If a person with dementia is living at home, s/he may be at increased risk if they forget to wash their hands or socially distance. And, of course, as we are all well aware of, patients in care  facilities are at higher risk simply for the fact they are communally living together. Caregivers come in and out of the facility, go to their homes, and may be interact with others. See Should you move a family member back home from a care facility?

What can you do?

  • If your loved one is living at home and can still read, place sticky notes around the house  (refrigerator, bathroom, kitchen sink) in appropriate places to remind him/her to wash their hands.
  • Call often to check in.
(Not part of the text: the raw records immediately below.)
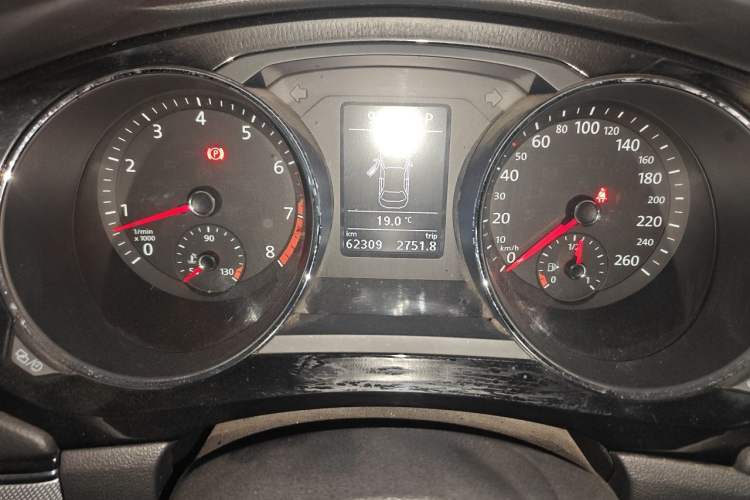 Used Volkswagen Sagitar 2018 280TSI DSG Ignite Edition Instrument Cluster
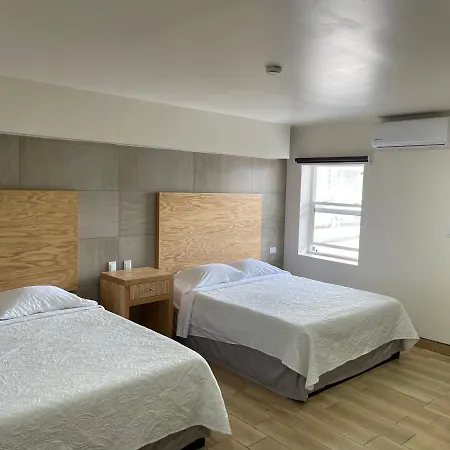 Hotel Plaza OSCARCEL-2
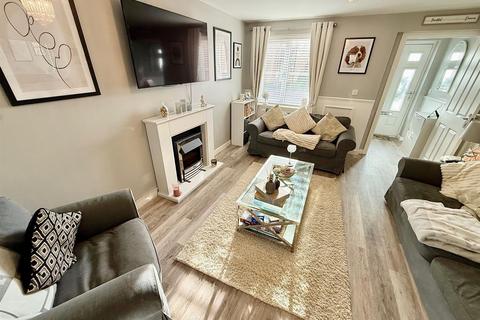 3 bedroom semi-detached house for sale, Pascoe Drive, Ormesby, Great Yarmouth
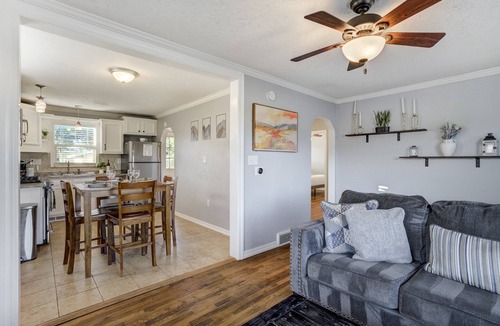 Central Colorado Springs Cottage | Charming Pet Friendly 2BR Retreat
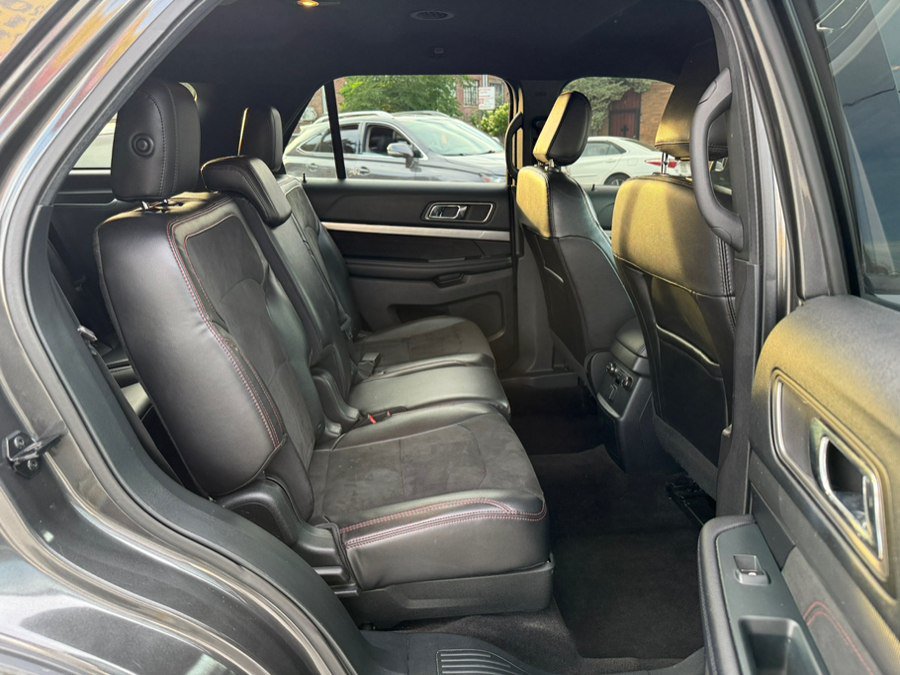 Used 2018 Ford Explorer XLT w/ Equipment Group 202A AWD/4WD image 10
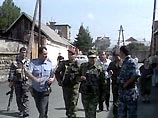 В Беслан прибыли подразделения спецназа, военные медики и спасатели МЧС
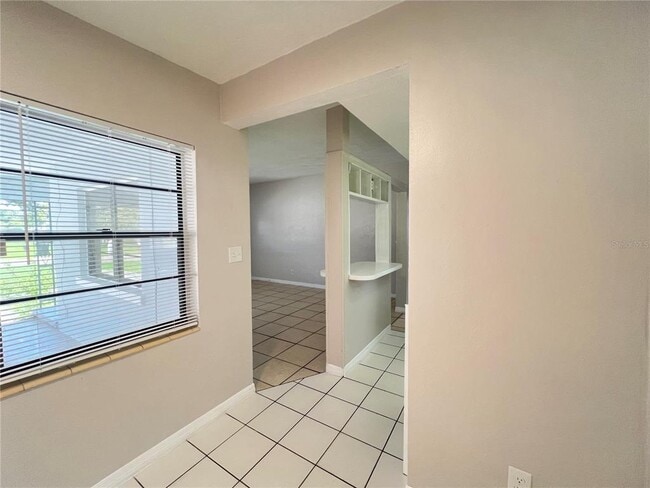 Building Photo - 4415 13th Ave N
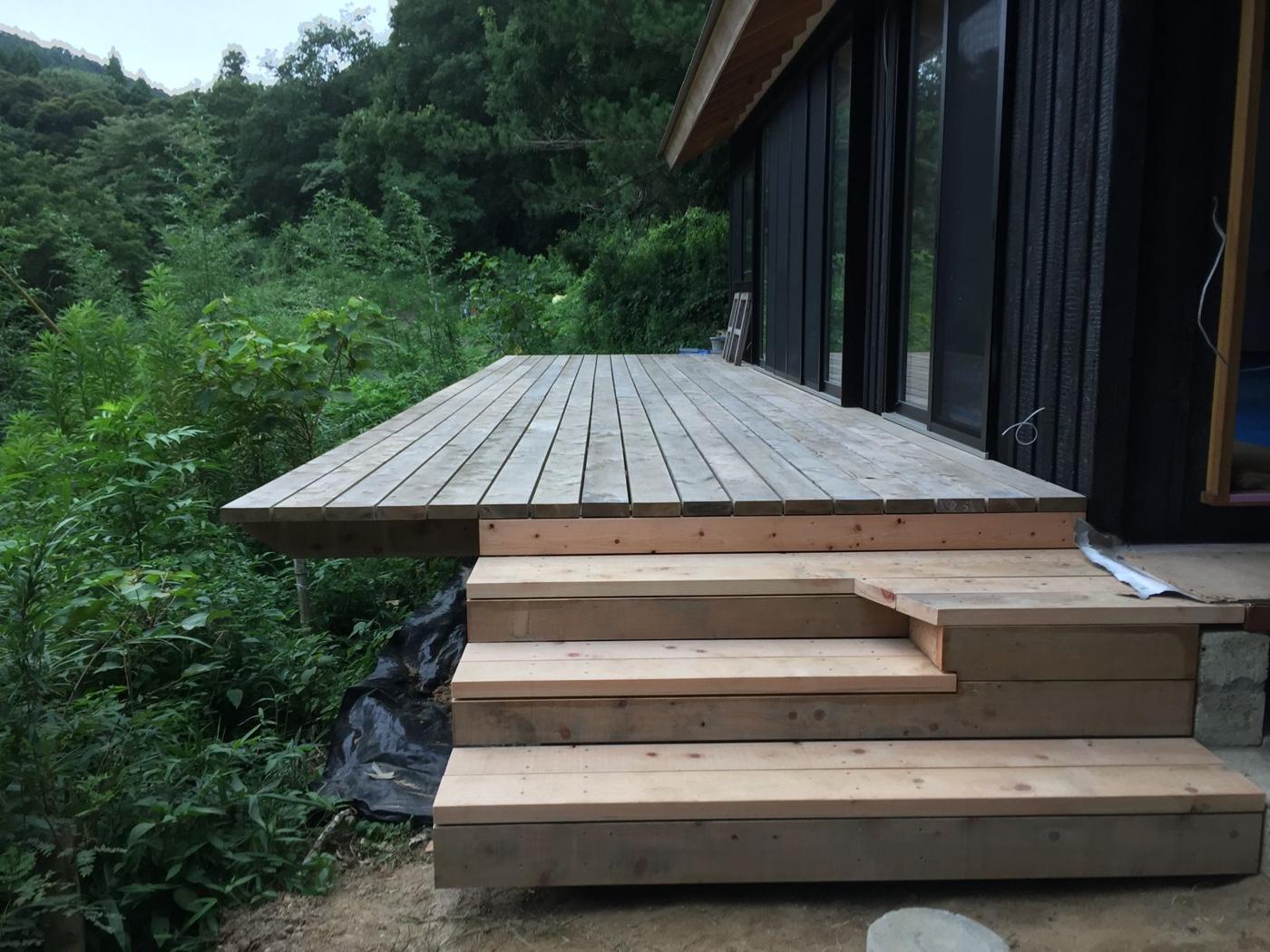 IYB — 飯田善郎ベンヤミンの作品（一枚板の家具・木の空間）
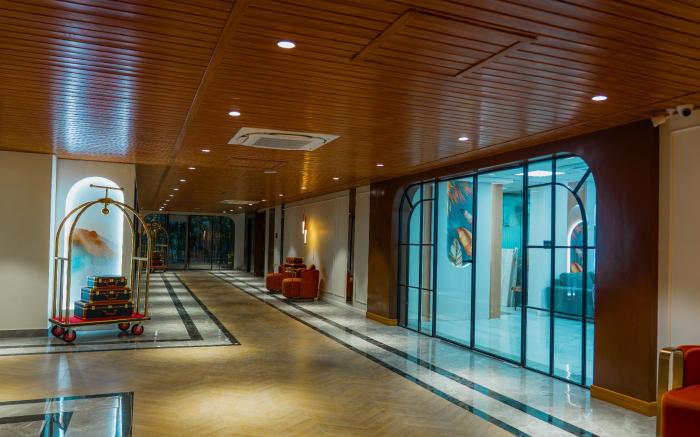 Trunk and Trolley Gachibowli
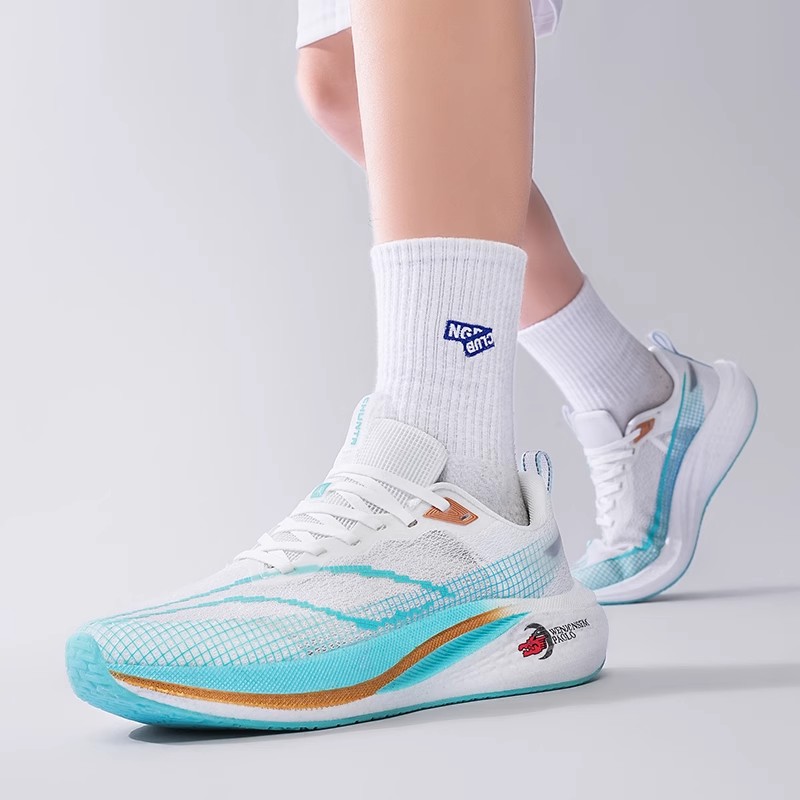 ランニングシューズ 瞬速反発クッション走行靴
Use Zoom or Skype, Facetime, if the person can manage technology. Amazon’s new Portal, which is like a large iPad that is kept plugged in, is an easy device. Check it out: It’s a smart, hands-free video calling device with Alexa built-in.
  • Make sure your loved one has adequate food. If s/he can still prepare meals, drop off their groceries. If they have trouble in the kitchen, bring home-cooked meals or make arrangements with an organization such as Meals on Wheels that can deliver foods.
  • If you have to go inside the person’s home, make sure you have on a mask and gloves, and maintain physical distance as much as possible.
  • A person with dementia is probably not keeping a clean, tidy home, which is important to health and wellness. Try to clean around the person. Have him or her sit in front of the TV or at the kitchen table, while you vacuum and clean the bathroom. Then move him/her to another room in order to clean the kitchen.
  • The main thing is to stay in daily contact. Have the grandkids write notes and draw pictures to send in the mail. If you live in the same town, visit from the lawn and have your loved one sit on the front or back porch.
  • Set up a daily schedule for your loved one. Keep it posted on the fridge. For example: 8:00–wake up, toilet, brush teeth, shower. 8:30 Take meds, eat breakfast. 9:30 Do fitness routine, etc. Do 10 sit-to-stands while watching TV. Walk through the house for 10 minutes a couple times a day.
  • It’s important to protect our loved ones physically but to engage them socially to prevent loneliness and to keep them mentally stimulated. Here’s a great way for seniors whose dementia is minimal.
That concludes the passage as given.